Et il insiste sur le fait que « plus je peux faire ce que me semble valoir la peine d’être fait, plus je suis moi-même. » (Bettelheim, 1969, p. 61)

Et il nous rappelle que « la vie intérieure et la personnalité ne se développent pas pour bénéficier d’une plus grande richesse en sensation ou en expérience intérieure. La personnalité ne se développe que pour une seule raison : commercer avec le monde extérieur en espérant pouvoir l’influencer. » 

       Autour des actions indispensables pour s'occuper de son cheval, afin de pouvoir être porté par lui, l'enfant TSA va occuper le temps et l'espace de la séance d'équithérapie à sa manière. Rien n'est anodin dans ses comportements, mouvements et actions. Ce qui, pour nous, est dépourvu de finalité et de sens, ne l'est pas pour cet enfant atypique. Ainsi notre perception de sa manière d'habiter ce temps de médiation ne doit pas être évalué à l'aune de nos normes sociétales basées, aujourd'hui, sur l'efficacité, (de ce qui serait produit), et la rentabilité (de ce qui serait effectué).

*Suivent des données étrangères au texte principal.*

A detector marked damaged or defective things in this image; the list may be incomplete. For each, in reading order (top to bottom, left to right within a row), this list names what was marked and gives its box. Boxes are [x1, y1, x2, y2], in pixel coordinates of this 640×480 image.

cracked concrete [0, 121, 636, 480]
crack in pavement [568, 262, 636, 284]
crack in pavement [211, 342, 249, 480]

Il nous amène à considérer la vie et le monde qui nous entoure, autrement.

 

Bettelheim refuse de porter un jugement sur l’expérience des enfants, en employant des termes comme : « temps vivant » ou « temps mort » ; « activité » ou « non-activité ». Pour lui, « les moments privés de finalités étaient loin d’être perçus comme une absurdité ou un signe de désespoir ». (Léon ; Menendez, 2009, p. 95). 

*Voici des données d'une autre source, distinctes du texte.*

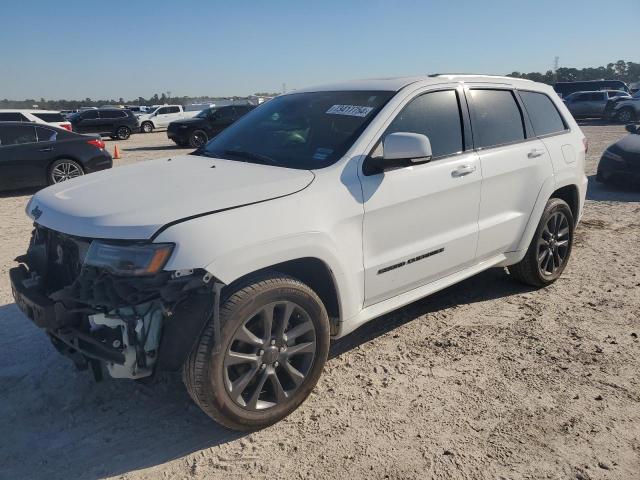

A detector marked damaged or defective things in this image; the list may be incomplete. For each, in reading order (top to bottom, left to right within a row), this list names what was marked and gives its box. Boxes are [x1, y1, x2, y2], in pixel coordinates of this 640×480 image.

3. une créativite - des strategies

Il n'y a pas une manière de faire. Pas une manière de monter sur le cheval, de le conduire, de le caresser, de s'intéresser à lui, ...

Si la sécurité des inter-actants et le bien être du cheval ne se discutent pas, la manière d'arriver à ses fins diffère selon notre perception de notre environnement. C'est en laissant cet espace-temps ouvert, sans imposer une manière de faire, tout en proposant, que la créativité de la personne va s'exprimer, révélant ses potentialités à son entourage comme à elle-même. Ces "révélations" sont autant de chance pour la personne de progresser dans l'affirmation de sa personnalité.

               L'expérience m'a montré que la personne TSA va évolué dans sa manière de considérer l'animal. De l'animal objet, source de jouissances durant le portage, le cheval va devenir intéressant en lui-même, pour ce qu'il est. Certains enfants vont s'intéresser, au moment de la récompense à sa manière de croquer la carotte, au mouvement de ses maxillaires, etc ... Une autre personne, va progressivement trouver plus d'intérêt au temps de préparation et de rangement qu'à être sur le cheval.  Et tant d'autres exemples qui montrent combien le cheval est moteur pour amener la personne TSA à progresser dans l'ouverture à son environnement et à l'autre en tant que sujet l'obligeant en douceur à sortir de son besoin de sécurité et de son état de défense par le contrôler de son environnement.